Hatay'da yaşanan patlamayı da değerlendiren Çelik, "Yakından takip ediyoruz. Güvenlik güçlerimizi tebrik ediyoruz. Belli ki bunların yaptığı hazırlık büyük bir katliama imza atmaktı. Paramotorla geliyorlar. Bu eğitimin PKK içerisinde gerçekleşmesi mümkün değil. Onlara bu cihazları ve eğitimi kim veriyor? Bu Türkiye'nin bilgisi dahilindedir. Güvenlik güçlerimizin rahatça işlerini sürdürebilmesi için bununla ilgili bir şey söylemiyorum. Burada yapılan çalışmalar güvenlik güçlerimizin çok kararlı ve titiz çalışmaları sonucu gerçekleşti. Dolayısıyla PKK burada yeni bir hat oluşturamadı. Fakat geliş biçimleri arkalarında bir desteğin olduğunu gösteriyor. Türkiye'deki güvenlik güçleri Türkiye'nin güvenliğini koruyacak kararlılığa ve dikkate sahiptir. Bu eylem püskürtülmüştür. Bundan sonraki eylemler için de her türlü hazırlık yapılacaktır" diye konuştu.

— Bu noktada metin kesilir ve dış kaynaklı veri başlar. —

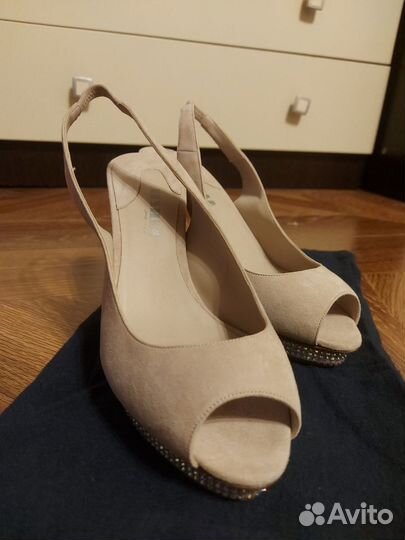 Босоножки женские 39 размер со стразами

KILIÇDAROĞLU’NUN ÇANTA SÖZLERİNE YANIT

Çelik, CHP Lideri Kemal Kılıçdaroğlu'nun Emine Erdoğan'a yönelik "Emine Hanım çantasını sarayın bahçesinde yaksın" sözlerine ise şöyle yanıt verdi: "Bir siyasetçiye hanımefendi (Emine Erdoğan) üzerinden siyaset yapmak yakışmıyor. Maalesef en temel değerlere riayet etmeyen temellere giriyor. Siyasetçisinin muhatabı siyasetçidir. Bunu şiddetle kınıyoruz. Sözel şiddetin kadına şiddetin önemli bir parçası olduğunu ifade ediyoruz. Aileler, kadınlar üzerinden siyaset yapma tarzı doğrudan şiddettir, saygısızcadır ve kınanması gerekiyor. Hanımefendiyi diline alarak bu şekilde bir örnek ortaya koyması son derece yakışıksızdır. Bir siyasetçinin dil haznesi bu kadar zayıf olabilir mi? Bir derdi varsa bunu saygısızlık yapmayacak birtakım cümlelerle ortaya koyabilir. Ama tutup doğrudan hakaret ediyor. Yanlış bulduğu bir şey varsa tabii ki eleştirebilir ama doğrudan hakaret diline kaçıyor. İstanbul Valisi son derece deneyimli, birikimli ve iyi bir kamu idarecisi arkadaşımızdır."